DIFFER Seminar: Optimizing fusion power plant design with integrated simulation using the FUSE framework

Abstract: FUSE is an innovative computational framework designed for the holistic simulation of fusion power plant facilities. Developed in the Julia programming language, it offers unprecedented performance—delivering results 1000 times faster than traditional frameworks. FUSE integrates first-principle analysis, machine learning, and reduced models to address the intricate physics and engineering challenges critical to achieving net electric power generation from fusion.

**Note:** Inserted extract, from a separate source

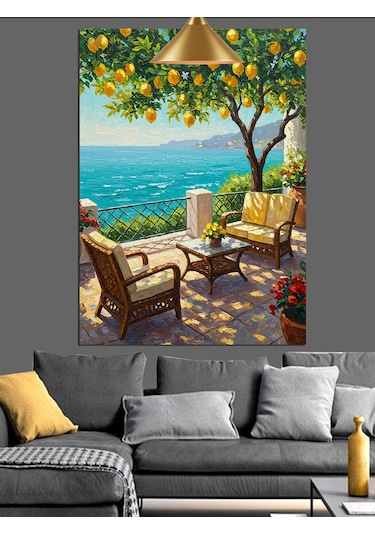 Limon Ağacı Ve Deniz Manzarası Dekoratif Kanvas - Mdf Ahşap Tablo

The framework evaluates a broad range of power plant designs by incorporating essential plasma physics processes like equilibrium, transport, heating & current drive, and stability as well as facility aspects like neutronics, structural mechanics, and magnet coil design. Its core strength lies in constrained multi-objective optimization, which allows for exploring economic and engineering trade-offs in power plant design. Notably, simulations within FUSE have revealed cost-effective configurations using different types of superconductors and tokamak designs, enhancing our understanding of cost drivers in fusion technology.

FUSE also excels in trajectory optimization, enabling dynamic simulations that predict operational states throughout the lifecycle of a fusion plant. This capability is vital for designing efficient and sustainable fusion power facilities, promising to advance the field significantly.

Bio: Since 2020, I have contributed to advancing computational plasma physics at General Atomics, notably through co-founding the FUSE project, which delivers rapid design simulations of fusion power plants. My work on integrated modeling by working on the PRO-create and STEP module within the OMFIT framework advanced the capabilities to predict energy confinement from small tokamaks to large fusion power plants.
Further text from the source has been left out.